Sir Charles just might be wrong...


Last week I was a guest with Brian Kilmeade on Brian & the Judge on Fox News Radio. Brian asked me a simple question, “Why is this important?” Amongst all of the other reasons, perhaps the most important is kids. Charles Barkley once famously said “Athletes are not role models.” Sir Charles may indeed be right, but I would ask: How many teenagers have giant posters of their fathers on their walls? How many of them go around with oversized $150 jerseys that read “Mom” on the back? Like it or not, athletes often populate the pantheons of heroes young people build for themselves in their rooms, lockers and in their minds.

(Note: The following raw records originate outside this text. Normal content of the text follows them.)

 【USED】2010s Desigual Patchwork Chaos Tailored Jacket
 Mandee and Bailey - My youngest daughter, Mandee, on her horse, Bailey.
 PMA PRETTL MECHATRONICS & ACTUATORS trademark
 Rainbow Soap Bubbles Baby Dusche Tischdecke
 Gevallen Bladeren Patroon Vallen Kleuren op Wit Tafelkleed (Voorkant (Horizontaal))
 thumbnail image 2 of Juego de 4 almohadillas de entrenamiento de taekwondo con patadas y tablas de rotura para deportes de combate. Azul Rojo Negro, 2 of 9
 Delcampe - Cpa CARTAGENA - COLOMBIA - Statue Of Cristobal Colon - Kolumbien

As it relates to young people, the issue at hand is important for two reasons; health and character.

Health is obvious. One need not dig too far to find data demonstrating the catastrophic costs of steroids. From Lyle Alzado to Bill Romanowski the physical and mental effects of steroids are easily seen. Indeed, even a look at the incredibly shrinking Mark McGuire gives one insight into the changes that occur after one stops juicing. It is clear that the short term gains of using steroids are far outweighed by the long term consequences.

Less obvious, but perhaps more important is character. The simple fact is that sports are one of the venues in which many young Americans learn about the verities of life. Sport is nothing more than a microcosm of life, played out between the lines, where its rules are defined, but the field is just a part of a bigger world. It’s where they learn to play by the rules; to be part of a team; to work as hard as they can; to strive to be the best; to be humble in victory and gracious in defeat. Many of the lessons learned on the little league or high school baseball diamond will be with them long after they have thrown their last pitch or touched that last base. While sports are not the only classroom in which young people learn the lessons of life, for many it is one in which they spend a great deal of time.

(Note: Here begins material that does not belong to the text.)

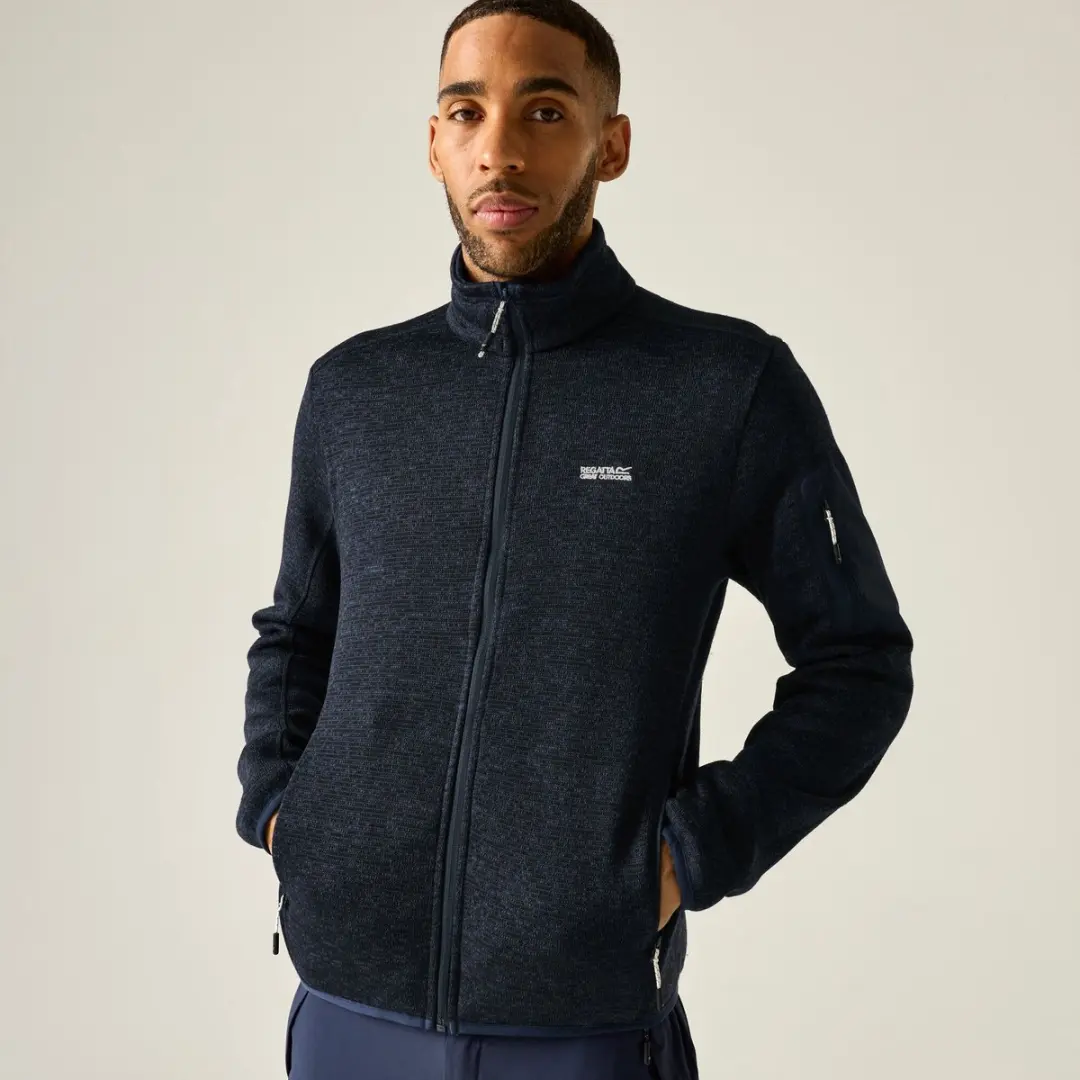 Regatta Newhill Fleecejack - Blauw - afbeelding 5 van 6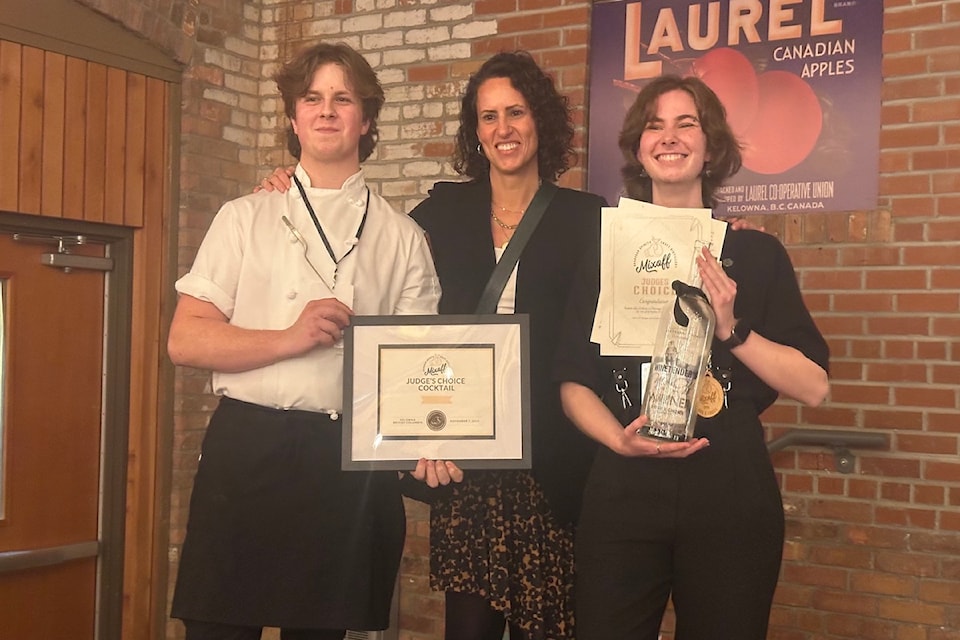 Gillian Buss from Maestro Mediterranean took home the Judge’s Choice Cocktail award.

Many people have written me suggesting an equivalency between Ruth and Bonds because Ruth drank during prohibition and Bonds used steroids before they were banned by baseball in 2002. The suggested equivalency is false. The argument is patently illogical. Just as Prohibition was the law of the land via the Constitution, the use of steroids was made illegal by the federal government in 1991. By their reasoning, pointing out Ruth’s infraction only further damns Bonds.

The Ruth drinking issue is simply a red herring. The truth is that most players, like most Americans have broken the law at some point in their lives – how many times in the last week have you exceeded the speed limit? The issue here is not just one of breaking a particular law. The real issue is the fact that Bonds broke the law with the specific intent of positively impacting his performance between the lines. Say what you will about Ruth, unless he was related to Dr. Johnny Fever, the motivation behind his drinking had nothing to do with scoring on the baseball diamond. Fundamentally, men like Ruth, Aaron, Robinson, Williams, DiMaggio, Gwynn were heroes, perhaps even role models, not because of what they did on the field, but for how they did it. Compare their legacies with those of Shoeless Joe Jackson or Pete Rose.

Make no mistake, if Bonds is allowed to break Hank Aaron’s HR record, the message young people will get is that cheating is an acceptable path to success. MLB has already disgraced itself by spending much of the last 15 years with its head in the sand on this issue; it should not further diminish itself by placing its greatest crown on the head of someone who will have gained it in such a dishonorable way.

(Visit for shirts and e-mail links to MLB)

Can Integrity be Measured in Games?


I’ve received a number of e-mails telling me I’m nuts to suggest pitchers walk Bonds every time he steps into the batter’s box. Looking at the numbers, I don’t think I am.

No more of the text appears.